Our current education system teaches children to understand reality in a fragmented and hyper specialized way, which probably aids in the later dissection and consumption of nature they will carry on as adults. Indigenous and decolonized systems of thought are so threatening because they reawaken people to the knowing that all life is interconnected, that everything in existence comes from and returns to the same place, making all life deserving of respect. If more people started regarding the earth as kin and not resource, industry would halt overnight. Interestingly, the “desk environmentalists” (as some indigenous people from Brazil refer to all the big ecological NGOs) most often still refer to nature as a resource, with the difference that they want to preserve it. But the emotional and spiritual disconnection remains, as meaningless carbon credits are swapped around along with empty promises.

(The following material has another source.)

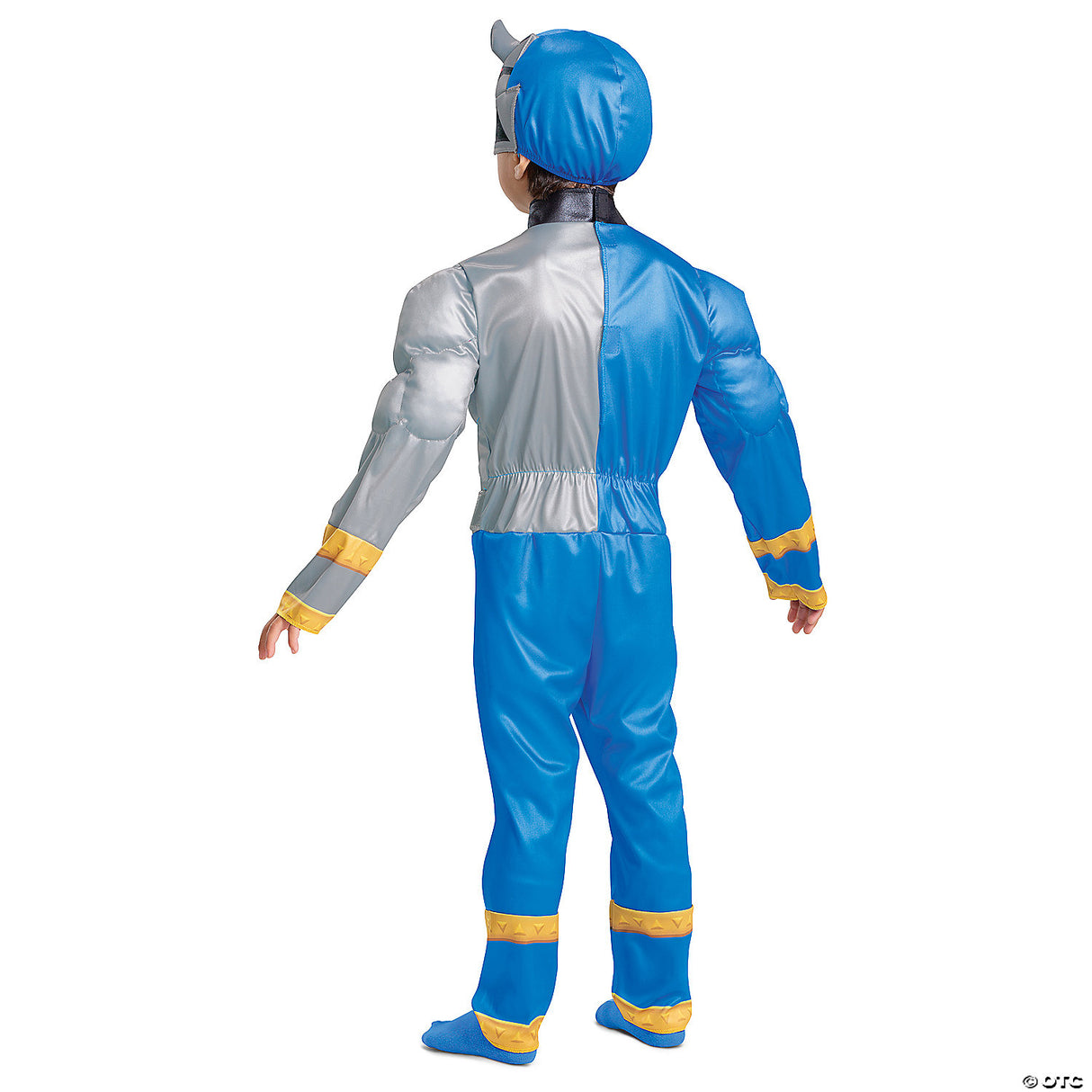 BLUE RANGER DINO FURY MUSCLE TODD 2T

“In the Western worldview, science and education are often focused on deconstructing the world into its smallest parts to understand them, but this fragmented approach loses sight of the whole. Indigenous ways of knowing teach that understanding comes from relationships, from the interconnectedness of all beings. When you lose that, you lose the sense of responsibility and reciprocity that binds us to the natural world. The education system, in its current form, produces a worldview that allows for the Earth to be seen as a resource to be exploited rather than a community to be honored and protected.” -Robin Wall Kimmerer (Potawatomi) – Braiding Sweetgrass
In Western paradigms, nature is often viewed as a resource to be exploited for human benefit. This is reflected in systems of extraction and industrialization. Conversely, in indigenous cultures, nature is viewed as a living, sentient being deserving respect and reverence. As Robin Wall Kimmerer expresses, “In indigenous ways of knowing, land is not just land, it is a living being with whom humans share a reciprocal relationship.” The concept of nature as a relative rather than a commodity is central to many indigenous worldviews and is perhaps, what has led to 80% of the world’s biodiversity to be currently held in indigenous territories, despite them representing only 5% of the world’s population. This begs the question: Can we have a healthy relationship with land without attributing sentience and personhood to it?

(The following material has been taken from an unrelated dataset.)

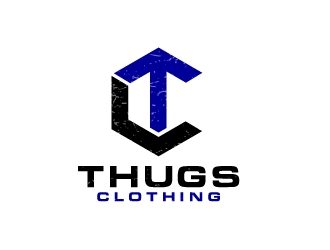 Thugs Clothing logo design by nexgen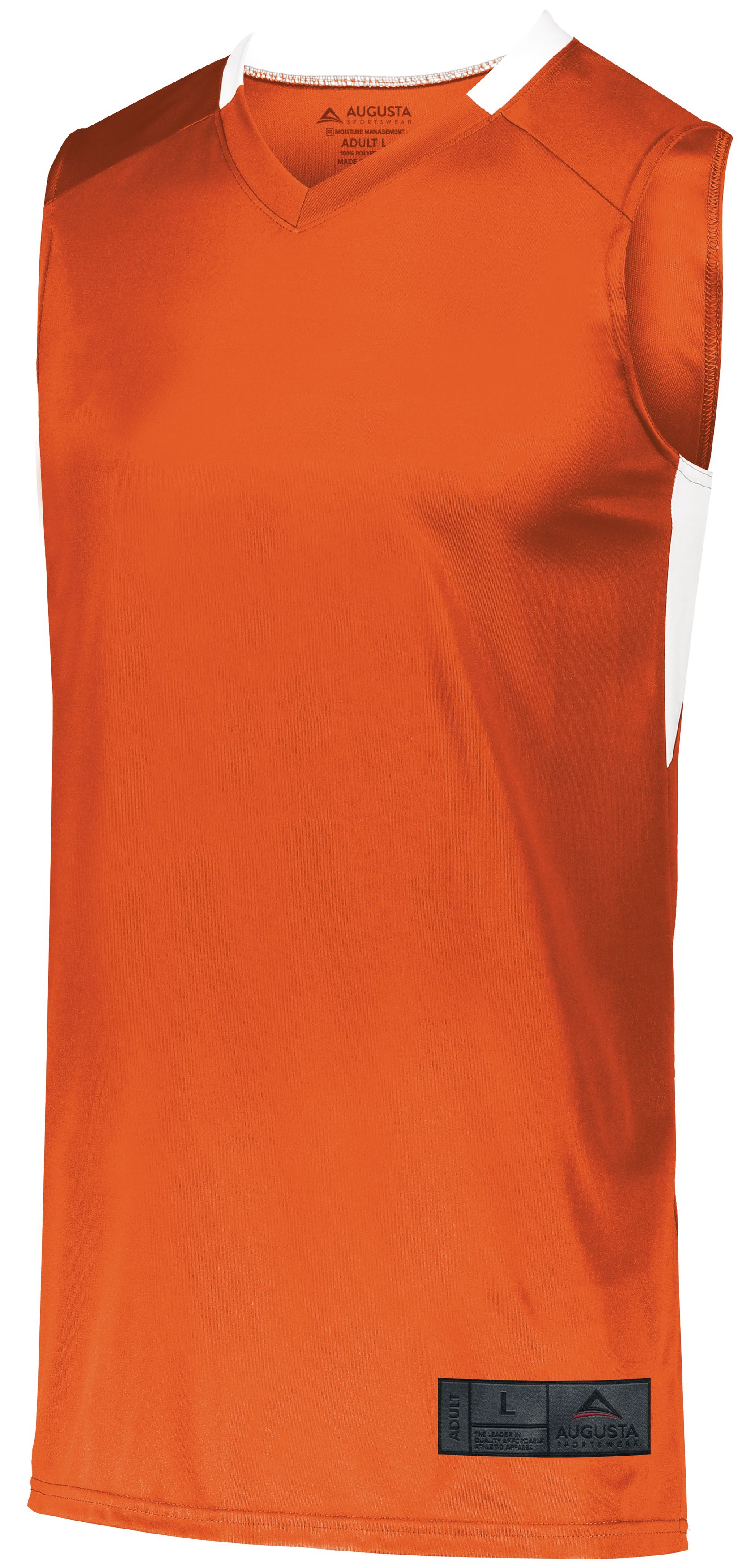 Youth Step-Back Basketball Jersey 2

Too much uncertainty, too many fires, so much to do in what sometimes feels like little time left, as the doomsday clock ticks on. I left this conversation with more questions than answers, but I also took with me Marlena’s antidote: “Hey little Navajo boy, come sit.” Come sit at the altar, honor your ancestors, remember who you are, where you come from, your roots. Within a storm which I can’t fully see, as we collectively wake up from this century-old trance- a clair de lune, a small path, a quiet intuition. Amidst everything, Little Navajo boy, come sit. Perhaps we can all sit to lay a hand upon our roots and ask for guidance. Even us, who are not Navajo or indigenous. After all, weren’t we all indigenous at some point, if we travel back far enough into our distant memory? Across the illusion of time, what are those ancestors trying to tell us?